How does the vision of St. Thomas influence today's world?

- St. Thomas lived in a very remarkable period. There was the birth of the universities, and he was well acquainted with Neoplatonism and St. Augustine, but Aristotelianism reached him, as an irruption, and it also reached him through people from Arab countries or countries conquered by the Arabs, as in the case of Spain. He is a person who, together with his training in Neoplatonism, knows Aristotle well, which was not only philosophy; it was also science, biology, physics, etc.

Therefore, he is in an ideal, incredible situation, which made it possible for him to offer us something that has continued to last through the ages. It amazes me that in these years we have reflections such as that of Alistair MacIntyre on the fragmentation of knowledge. It was one of the books that had the greatest impact on me, I was living in the fragmentation of knowledge, and I was a bit aware of it, but the university helped me a lot to try to unite, to make the different kinds of knowledge communicate. Tomás tried to do it, and that is why also when you cultivate this field, you feel his help, which is something from the past, but you feel it as something very current.

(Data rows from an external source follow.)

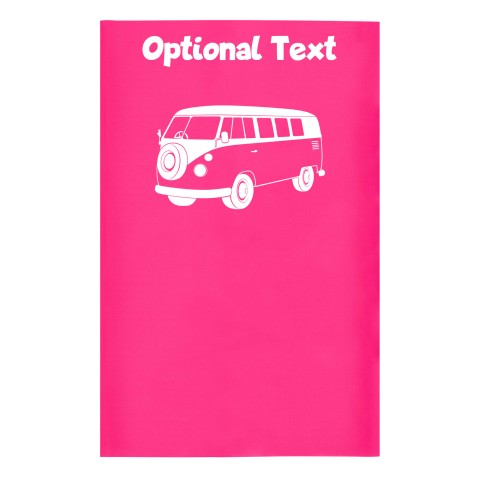 Small (35cm x 22cm) (Camper Van Icon) Fuchsia Pink - Stretch Polyester (Optional Personalised Gift Text)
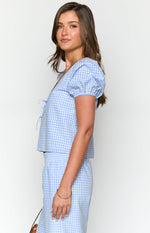 Lunya Blue Gingham Tie Up Top Image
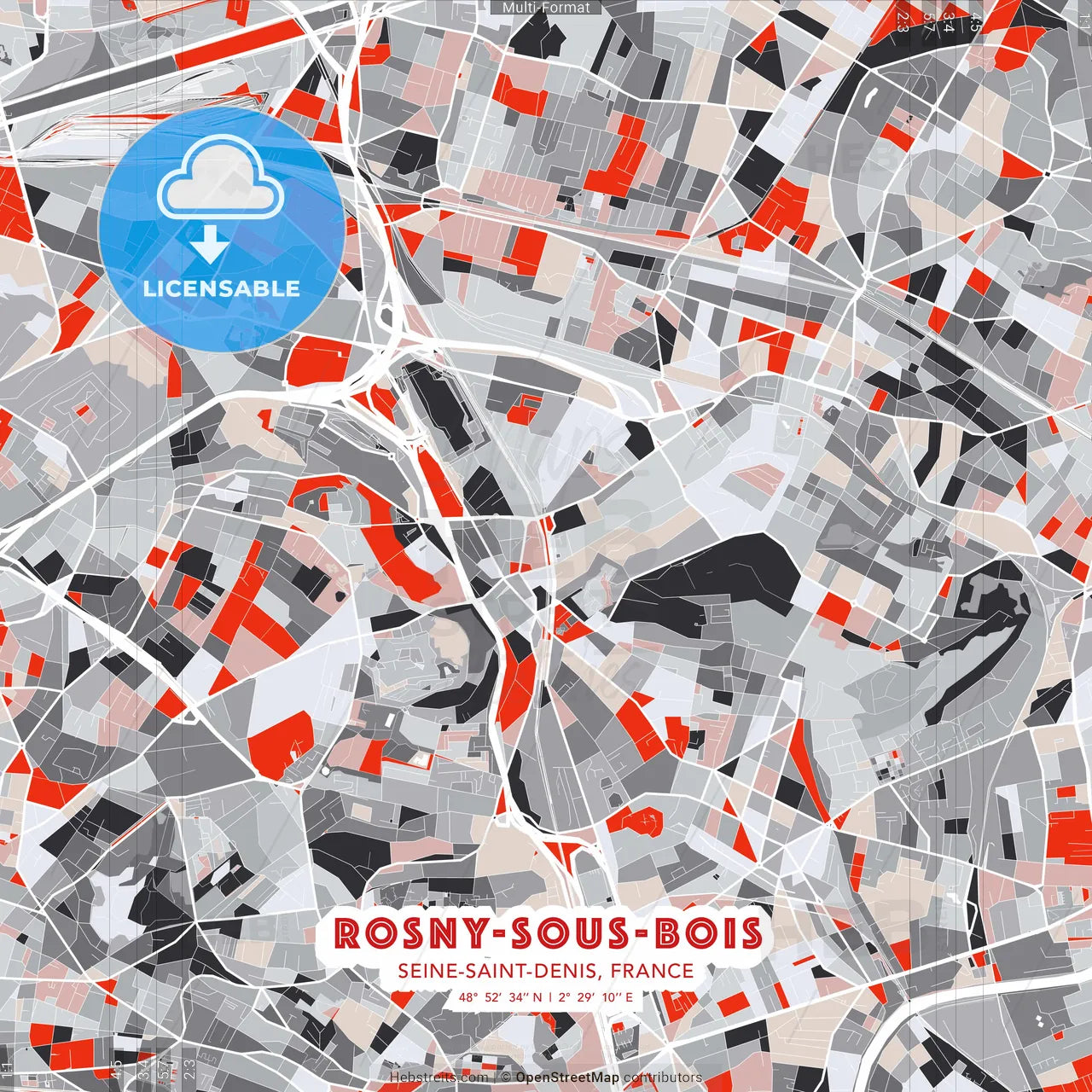 Rosny-sous-Bois, Seine-Saint-Denis, France - modern street map poster template with gray and red tones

For example, we will soon have a world congress on Philosophy (1-8 August, in Rome), in which the Ibero-American Network of Philosophy is also participating. It is focused on a philosophy that crosses borders, and we have been invited to have a session on St. Thomas, along with others dedicated to other great philosophers of history.

And now a curious question, what influence do you think this resurgence of Aquinas' thought has on the recent European elections?

- The family has entered a somewhat more controversial phase since the anthropological revolution of 1968, and more recently with some measures taken by European governments, including the European Parliament. The results of the European elections show that the Philosophy and Theology of St. Thomas is of great interest. Speaking now of the recent elections, a young philosopher, trained at the Complutense, in Political Science studies, has commented that a Europe that ignores the truth of the person leads to frustration. One can see in the election results that there is also a rebellion against this.

This young philosopher comments that the denial of the truth of the person among the European elites leads to a change as a reaction. There are people who interpret it only from a political point of view, but this author, who is a politician but at the same time a philosopher, believes that it is not only a political question, but also an anthropological one, there is a certain awareness in young people that it is convenient to change, to highlight things that are important to be happy and to build a better Europe. The issue of the defense of the Christian roots of Europe is there: I think it is not dead and it is done in dialogue. A philosopher well equipped with the modern and the ancient has a lot to say.